Posts Tagged ‘comparing reds’

Comparing similar colors – part 3

Sunday, December 15th, 2019

How can you choose which red paint will work best on your palette?  What qualities should you look for in the paint that’s right for your purposes?

In this final blog of the year I hope help you find answers to these questions, once again using two of my favorite brandsWinsor Newton Professional Watercolors and Golden’s QoR Modern Watercolorsas examples.  I’ll be looking at several popular reds to try to illustrate some of the differences among them.

Qualities I’ll be considering are whether they are staining or not (whether they can be easily lifted off the paper), whether they are permanent or fugitive (having a tendency to fade or change color over time), how transparent or opaque they are, their comparative chroma (how “pure” or muted each color appears), and whether they have a warm or cool bias in comparison to other similar reds.


Comparative chart - redsPermanent alizarin crimson is a more recent replacement for the cool, traditional but fugitive alizarin crimson (PR83).   Permanent rose also has a cool bias and is good for mixing purples. Like most quinacridones, quin red is very transparent, excellent for glazing.  The warm-biased Scarlet lake, cadmium red, pyrrole red, and permanent scarlet have very similar chroma, but slightly differing transparency and staining power. The brown madder/quin burnt orange (same quinacridone pigment) reds are transparent and have a lower chroma.  Although Indian red is based on the same pigment, PR101, as two of the transparent browns (see part 1),  this paint is extremely opaque. 

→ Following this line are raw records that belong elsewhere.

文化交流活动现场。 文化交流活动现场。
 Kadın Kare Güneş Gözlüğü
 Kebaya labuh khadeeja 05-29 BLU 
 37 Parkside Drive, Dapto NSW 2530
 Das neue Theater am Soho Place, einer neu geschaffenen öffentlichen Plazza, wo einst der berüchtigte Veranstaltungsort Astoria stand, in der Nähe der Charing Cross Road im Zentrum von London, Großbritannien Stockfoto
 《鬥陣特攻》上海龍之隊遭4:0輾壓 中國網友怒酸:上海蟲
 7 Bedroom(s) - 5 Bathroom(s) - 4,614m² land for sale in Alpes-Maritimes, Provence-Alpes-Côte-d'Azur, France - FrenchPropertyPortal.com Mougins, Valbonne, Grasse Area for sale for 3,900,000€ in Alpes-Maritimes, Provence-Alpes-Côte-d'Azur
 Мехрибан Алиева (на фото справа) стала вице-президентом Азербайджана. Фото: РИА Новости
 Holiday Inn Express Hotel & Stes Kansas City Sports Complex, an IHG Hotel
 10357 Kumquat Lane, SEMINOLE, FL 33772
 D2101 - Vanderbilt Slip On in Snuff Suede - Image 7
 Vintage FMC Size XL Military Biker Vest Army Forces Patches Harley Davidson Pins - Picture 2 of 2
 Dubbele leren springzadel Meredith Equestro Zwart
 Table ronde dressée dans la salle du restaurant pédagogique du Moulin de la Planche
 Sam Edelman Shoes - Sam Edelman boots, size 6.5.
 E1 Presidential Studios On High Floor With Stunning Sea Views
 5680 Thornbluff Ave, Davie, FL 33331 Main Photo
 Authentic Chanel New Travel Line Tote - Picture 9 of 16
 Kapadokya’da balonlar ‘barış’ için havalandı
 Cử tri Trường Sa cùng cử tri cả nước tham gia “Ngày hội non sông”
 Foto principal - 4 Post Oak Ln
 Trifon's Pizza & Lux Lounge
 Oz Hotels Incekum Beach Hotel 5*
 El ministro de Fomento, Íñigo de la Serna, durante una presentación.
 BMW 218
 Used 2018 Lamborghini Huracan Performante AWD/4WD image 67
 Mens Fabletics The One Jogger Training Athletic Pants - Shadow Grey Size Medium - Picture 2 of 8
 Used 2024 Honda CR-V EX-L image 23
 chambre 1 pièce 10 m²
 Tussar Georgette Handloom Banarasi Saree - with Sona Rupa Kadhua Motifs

As you may have seen in part 1 (on browns and yellows) and part 2 (on blues), the same pigment may be used for a variety of colors, dependent on the processing method used.  Different manufacturers frequently use different names for the same color, or the same name for very different colors, so rely more on the pigments used than on the name, although the name may offer some clues.  As a general rule (obviously with exceptions) although the coloration may vary, other characteristics of the pigment will generally tend to be pretty consistent.  Many traditionally used pigments, such as the plant-based madders (PR83), tend to be fugitive, while the more modern pigments have been developed to replicate them while remaining more permanent.

Such reformulated colors are often (though not always) referred to on the label as “hues.”  (Some “hues” are also formulated to replicate colors that traditionally relied on pigments that are either very expensive or are no longer available.)  Other terms in the name, such as “permanent” or “new,” usually indicate that this formulation replaces a similar but more fugitive color.  So if you see a color labeled as “permanent,” it’s wise to avoid paints using the same name without the “permanent” designation unless you know that, like quinacridones or phthalos, the pigment used is indeed permanent.

I generally prefer to avoid cadmium colors, but have included one here among the reds.  Several manufacturers, including Winsor Newton, have recently introduced some cadmium-free formulations as alternatives to their traditional cadmium colors.  I have been content with my existing palette so haven’t felt a need to try them out yet.  If you’re interested in them, you may want to do some of your own comparative testing against similar colors already on your own palette.

The paints compared in this series of blogs are limited examples of only two brands of watercolor.  Similar colors of other brands will vary, depending on the pigment(s) used, formulation, and processing.  Read the labels or manufacturers’ information sheets for clues regarding transparency, permanence (lightfastness), and whether they are staining or non-staining.  Only direct comparison will determine temperature bias and chroma as related to similar colors.

-Lightfastness is often noted as ASTM I, II, III, or IV (the lower the number, the better—look for ASTM I or II), but not all pigments have an official rating.

-For clean mixing of colors (to minimize “mud”) look for transparent paints.

-For glazing, look for transparency, which allows underlying layers to shine through.  (Take note of how well underlying marks show through the paint in the chart.)

-Many organic pigments (quinacridone, phthalocyanine, indanthrone, etc.) tend to be transparent and have strong, staining characteristics.  Many (though not all) also tend to be more lightfast.

-Inorganics, such as cadmiums and earth colors (ground stone) are generally easier to lift off the paper but, because they are often granular, they tend to be somewhat less transparent.  But don’t expect any paint to lift entirely off the paper without leaving some color influence behind.

Only you can determine which qualities are most important to you and your working methods.  I hope these comparisons and tips help you in making wise selections for your own palette through the coming year.